"""
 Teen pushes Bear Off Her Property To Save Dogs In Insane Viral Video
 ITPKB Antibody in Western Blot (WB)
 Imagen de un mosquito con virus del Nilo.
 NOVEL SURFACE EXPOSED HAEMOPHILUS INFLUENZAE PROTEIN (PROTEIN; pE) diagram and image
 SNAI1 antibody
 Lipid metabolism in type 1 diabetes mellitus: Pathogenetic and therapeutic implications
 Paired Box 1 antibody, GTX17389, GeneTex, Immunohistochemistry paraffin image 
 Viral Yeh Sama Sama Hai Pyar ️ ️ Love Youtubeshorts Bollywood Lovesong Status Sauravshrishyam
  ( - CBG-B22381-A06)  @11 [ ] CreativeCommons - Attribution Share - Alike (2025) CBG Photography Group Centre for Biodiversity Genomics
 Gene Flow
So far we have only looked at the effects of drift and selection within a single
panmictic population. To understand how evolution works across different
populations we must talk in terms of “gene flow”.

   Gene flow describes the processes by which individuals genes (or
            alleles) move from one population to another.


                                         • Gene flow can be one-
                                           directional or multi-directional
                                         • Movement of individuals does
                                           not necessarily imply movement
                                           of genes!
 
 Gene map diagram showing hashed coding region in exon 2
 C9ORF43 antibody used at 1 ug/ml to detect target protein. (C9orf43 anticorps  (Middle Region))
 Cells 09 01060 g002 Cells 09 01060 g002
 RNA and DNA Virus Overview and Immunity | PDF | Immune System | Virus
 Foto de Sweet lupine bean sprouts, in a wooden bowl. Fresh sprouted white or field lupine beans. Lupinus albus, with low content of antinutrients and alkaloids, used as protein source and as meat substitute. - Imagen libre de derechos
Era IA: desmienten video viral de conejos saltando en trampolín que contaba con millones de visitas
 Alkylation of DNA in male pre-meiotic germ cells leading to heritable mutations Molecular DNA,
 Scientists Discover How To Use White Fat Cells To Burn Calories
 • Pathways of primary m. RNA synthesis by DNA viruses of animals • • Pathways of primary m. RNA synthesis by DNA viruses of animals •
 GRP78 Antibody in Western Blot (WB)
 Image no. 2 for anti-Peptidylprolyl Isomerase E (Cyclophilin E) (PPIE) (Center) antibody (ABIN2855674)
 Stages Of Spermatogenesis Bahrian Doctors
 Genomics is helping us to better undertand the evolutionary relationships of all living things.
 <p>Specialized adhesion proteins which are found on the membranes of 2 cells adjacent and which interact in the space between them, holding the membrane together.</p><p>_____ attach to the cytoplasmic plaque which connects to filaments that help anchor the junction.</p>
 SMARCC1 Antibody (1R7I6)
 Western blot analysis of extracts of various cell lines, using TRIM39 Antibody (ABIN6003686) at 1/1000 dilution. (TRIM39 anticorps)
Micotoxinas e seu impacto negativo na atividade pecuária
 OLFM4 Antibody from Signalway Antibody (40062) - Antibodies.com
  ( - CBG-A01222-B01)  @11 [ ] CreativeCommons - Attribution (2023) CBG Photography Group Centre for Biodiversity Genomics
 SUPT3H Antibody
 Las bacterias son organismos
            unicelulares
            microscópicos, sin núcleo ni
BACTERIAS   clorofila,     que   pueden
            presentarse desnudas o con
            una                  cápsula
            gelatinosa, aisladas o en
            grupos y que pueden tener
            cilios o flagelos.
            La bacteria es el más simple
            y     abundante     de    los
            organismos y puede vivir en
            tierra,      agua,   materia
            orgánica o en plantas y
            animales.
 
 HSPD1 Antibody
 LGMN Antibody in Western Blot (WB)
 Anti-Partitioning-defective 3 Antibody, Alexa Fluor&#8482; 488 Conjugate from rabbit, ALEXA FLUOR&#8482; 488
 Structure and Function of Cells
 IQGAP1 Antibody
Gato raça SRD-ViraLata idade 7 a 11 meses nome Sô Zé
"""
> _About this task_
Show the lines where the word "organismos" appears in the entries.

> _Reply to the exercise_
 Las bacterias son organismos
            organismos y puede vivir en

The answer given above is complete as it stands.